Task directions – Take the records below from their first line to the line with "Ciro Chrome Rear", and restate those lines word for word.
___ Listed records
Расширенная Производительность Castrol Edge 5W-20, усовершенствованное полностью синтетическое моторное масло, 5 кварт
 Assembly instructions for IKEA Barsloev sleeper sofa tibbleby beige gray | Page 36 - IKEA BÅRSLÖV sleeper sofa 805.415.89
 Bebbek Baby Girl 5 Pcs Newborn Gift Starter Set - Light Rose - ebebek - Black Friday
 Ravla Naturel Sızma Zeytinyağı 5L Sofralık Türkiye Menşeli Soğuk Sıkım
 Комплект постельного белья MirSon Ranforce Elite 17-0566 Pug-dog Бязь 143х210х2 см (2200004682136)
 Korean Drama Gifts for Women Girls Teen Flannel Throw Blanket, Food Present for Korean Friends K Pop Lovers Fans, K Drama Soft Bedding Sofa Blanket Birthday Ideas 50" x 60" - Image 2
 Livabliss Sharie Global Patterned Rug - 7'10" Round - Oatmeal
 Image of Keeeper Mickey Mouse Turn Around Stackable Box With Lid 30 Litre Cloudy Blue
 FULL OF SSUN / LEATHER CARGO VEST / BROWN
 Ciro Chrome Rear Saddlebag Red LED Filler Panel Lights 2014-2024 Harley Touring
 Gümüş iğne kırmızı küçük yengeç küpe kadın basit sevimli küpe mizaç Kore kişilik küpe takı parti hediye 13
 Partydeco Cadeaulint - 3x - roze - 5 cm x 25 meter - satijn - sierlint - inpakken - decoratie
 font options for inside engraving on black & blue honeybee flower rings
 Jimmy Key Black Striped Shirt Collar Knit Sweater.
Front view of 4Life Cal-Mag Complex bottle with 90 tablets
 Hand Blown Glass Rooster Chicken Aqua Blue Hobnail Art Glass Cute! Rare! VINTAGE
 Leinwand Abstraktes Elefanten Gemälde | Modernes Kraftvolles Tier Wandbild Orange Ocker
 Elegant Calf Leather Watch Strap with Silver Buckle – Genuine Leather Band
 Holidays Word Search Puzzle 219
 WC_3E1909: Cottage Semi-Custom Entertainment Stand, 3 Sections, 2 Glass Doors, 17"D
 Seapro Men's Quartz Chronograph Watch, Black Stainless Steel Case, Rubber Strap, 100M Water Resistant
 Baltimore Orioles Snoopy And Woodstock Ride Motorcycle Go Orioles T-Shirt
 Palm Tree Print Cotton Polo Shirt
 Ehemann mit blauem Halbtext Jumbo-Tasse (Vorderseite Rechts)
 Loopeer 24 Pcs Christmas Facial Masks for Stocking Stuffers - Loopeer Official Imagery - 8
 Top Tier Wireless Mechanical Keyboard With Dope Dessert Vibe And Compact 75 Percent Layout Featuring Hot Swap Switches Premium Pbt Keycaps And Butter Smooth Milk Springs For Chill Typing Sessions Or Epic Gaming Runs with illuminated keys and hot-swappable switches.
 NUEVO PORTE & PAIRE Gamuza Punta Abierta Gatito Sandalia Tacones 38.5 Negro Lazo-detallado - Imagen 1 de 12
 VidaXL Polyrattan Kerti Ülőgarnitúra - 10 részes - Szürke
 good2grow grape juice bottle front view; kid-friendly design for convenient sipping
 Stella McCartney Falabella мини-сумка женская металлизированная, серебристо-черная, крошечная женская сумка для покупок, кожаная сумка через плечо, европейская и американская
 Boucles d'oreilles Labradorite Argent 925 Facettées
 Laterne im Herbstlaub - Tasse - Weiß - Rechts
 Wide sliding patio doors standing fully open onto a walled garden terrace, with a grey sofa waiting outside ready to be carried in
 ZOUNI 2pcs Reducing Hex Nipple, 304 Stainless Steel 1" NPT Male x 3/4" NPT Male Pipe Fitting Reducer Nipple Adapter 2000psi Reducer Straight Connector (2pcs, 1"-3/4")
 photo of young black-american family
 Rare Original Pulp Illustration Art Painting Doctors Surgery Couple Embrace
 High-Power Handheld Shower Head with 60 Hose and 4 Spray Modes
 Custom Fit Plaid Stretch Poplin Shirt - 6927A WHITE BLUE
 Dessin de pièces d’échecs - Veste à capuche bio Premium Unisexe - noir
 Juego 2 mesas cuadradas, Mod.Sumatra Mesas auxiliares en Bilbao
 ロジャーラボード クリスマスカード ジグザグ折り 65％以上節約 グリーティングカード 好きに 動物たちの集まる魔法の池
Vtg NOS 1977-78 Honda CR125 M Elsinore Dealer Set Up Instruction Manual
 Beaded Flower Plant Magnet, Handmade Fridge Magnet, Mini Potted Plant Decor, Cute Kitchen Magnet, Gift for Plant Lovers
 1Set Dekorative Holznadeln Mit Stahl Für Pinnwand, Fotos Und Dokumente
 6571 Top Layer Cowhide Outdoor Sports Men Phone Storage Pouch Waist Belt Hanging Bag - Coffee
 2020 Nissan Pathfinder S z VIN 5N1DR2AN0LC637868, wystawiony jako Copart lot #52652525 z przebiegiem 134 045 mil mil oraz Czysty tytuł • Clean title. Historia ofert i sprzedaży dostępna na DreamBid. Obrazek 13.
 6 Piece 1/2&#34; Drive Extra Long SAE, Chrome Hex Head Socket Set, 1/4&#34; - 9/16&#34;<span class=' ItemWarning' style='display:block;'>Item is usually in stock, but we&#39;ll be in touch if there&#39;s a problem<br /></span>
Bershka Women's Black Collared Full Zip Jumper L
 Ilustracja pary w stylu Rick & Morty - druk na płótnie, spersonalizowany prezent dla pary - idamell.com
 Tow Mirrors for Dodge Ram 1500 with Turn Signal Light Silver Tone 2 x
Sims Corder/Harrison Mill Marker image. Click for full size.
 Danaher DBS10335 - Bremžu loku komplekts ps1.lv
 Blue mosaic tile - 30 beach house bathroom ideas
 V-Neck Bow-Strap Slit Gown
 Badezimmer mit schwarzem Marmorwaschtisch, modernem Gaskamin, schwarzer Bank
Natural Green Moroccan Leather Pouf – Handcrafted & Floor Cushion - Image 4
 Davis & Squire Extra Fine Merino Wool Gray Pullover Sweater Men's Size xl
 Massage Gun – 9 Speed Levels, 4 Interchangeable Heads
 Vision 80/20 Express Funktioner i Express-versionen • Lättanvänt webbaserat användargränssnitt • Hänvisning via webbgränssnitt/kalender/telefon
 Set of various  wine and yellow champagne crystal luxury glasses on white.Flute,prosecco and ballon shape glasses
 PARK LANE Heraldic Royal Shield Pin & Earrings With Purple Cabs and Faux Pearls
______
Answer to this exercise –
Расширенная Производительность Castrol Edge 5W-20, усовершенствованное полностью синтетическое моторное масло, 5 кварт
 Assembly instructions for IKEA Barsloev sleeper sofa tibbleby beige gray | Page 36 - IKEA BÅRSLÖV sleeper sofa 805.415.89
 Bebbek Baby Girl 5 Pcs Newborn Gift Starter Set - Light Rose - ebebek - Black Friday
 Ravla Naturel Sızma Zeytinyağı 5L Sofralık Türkiye Menşeli Soğuk Sıkım
 Комплект постельного белья MirSon Ranforce Elite 17-0566 Pug-dog Бязь 143х210х2 см (2200004682136)
 Korean Drama Gifts for Women Girls Teen Flannel Throw Blanket, Food Present for Korean Friends K Pop Lovers Fans, K Drama Soft Bedding Sofa Blanket Birthday Ideas 50" x 60" - Image 2
 Livabliss Sharie Global Patterned Rug - 7'10" Round - Oatmeal
 Image of Keeeper Mickey Mouse Turn Around Stackable Box With Lid 30 Litre Cloudy Blue
 FULL OF SSUN / LEATHER CARGO VEST / BROWN
 Ciro Chrome Rear Saddlebag Red LED Filler Panel Lights 2014-2024 Harley Touring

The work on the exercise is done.